#### The problem
The answer must be one number: how many lines in the records below contain the string "Shop".

(Dataset excerpts)
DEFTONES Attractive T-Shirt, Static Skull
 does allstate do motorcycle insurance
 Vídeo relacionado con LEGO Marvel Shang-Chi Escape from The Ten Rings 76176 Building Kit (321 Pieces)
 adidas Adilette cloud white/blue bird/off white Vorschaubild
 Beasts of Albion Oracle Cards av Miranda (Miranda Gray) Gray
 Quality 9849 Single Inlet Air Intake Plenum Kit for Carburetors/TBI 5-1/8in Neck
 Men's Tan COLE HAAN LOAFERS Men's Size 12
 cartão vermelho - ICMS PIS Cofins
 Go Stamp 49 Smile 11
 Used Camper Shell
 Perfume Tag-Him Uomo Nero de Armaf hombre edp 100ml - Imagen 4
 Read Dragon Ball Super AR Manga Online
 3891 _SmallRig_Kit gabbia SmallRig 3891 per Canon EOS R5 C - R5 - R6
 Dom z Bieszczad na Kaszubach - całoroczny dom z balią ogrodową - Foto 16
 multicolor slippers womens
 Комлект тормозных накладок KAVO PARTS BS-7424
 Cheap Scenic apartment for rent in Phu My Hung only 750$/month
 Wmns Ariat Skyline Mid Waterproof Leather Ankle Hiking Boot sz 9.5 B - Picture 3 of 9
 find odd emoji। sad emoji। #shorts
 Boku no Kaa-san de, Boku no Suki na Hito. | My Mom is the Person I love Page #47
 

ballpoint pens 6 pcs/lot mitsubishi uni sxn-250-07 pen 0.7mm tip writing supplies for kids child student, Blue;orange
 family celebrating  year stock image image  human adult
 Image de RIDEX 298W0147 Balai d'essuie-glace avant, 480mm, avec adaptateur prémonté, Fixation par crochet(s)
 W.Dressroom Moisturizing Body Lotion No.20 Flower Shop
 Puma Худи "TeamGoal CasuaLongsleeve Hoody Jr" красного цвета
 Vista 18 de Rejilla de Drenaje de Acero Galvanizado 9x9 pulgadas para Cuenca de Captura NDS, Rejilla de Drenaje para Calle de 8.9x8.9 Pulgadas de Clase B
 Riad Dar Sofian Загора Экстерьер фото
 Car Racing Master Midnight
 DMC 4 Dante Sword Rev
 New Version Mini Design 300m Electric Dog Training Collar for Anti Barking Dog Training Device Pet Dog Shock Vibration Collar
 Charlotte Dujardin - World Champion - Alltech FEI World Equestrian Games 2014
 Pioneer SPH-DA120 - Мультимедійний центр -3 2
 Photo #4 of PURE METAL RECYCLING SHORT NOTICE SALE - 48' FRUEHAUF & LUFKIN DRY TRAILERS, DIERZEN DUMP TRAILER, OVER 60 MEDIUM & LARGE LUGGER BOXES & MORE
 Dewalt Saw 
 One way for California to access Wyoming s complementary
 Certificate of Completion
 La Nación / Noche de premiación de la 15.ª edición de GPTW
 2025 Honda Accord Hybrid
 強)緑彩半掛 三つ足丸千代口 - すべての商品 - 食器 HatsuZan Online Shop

#### Final answer
2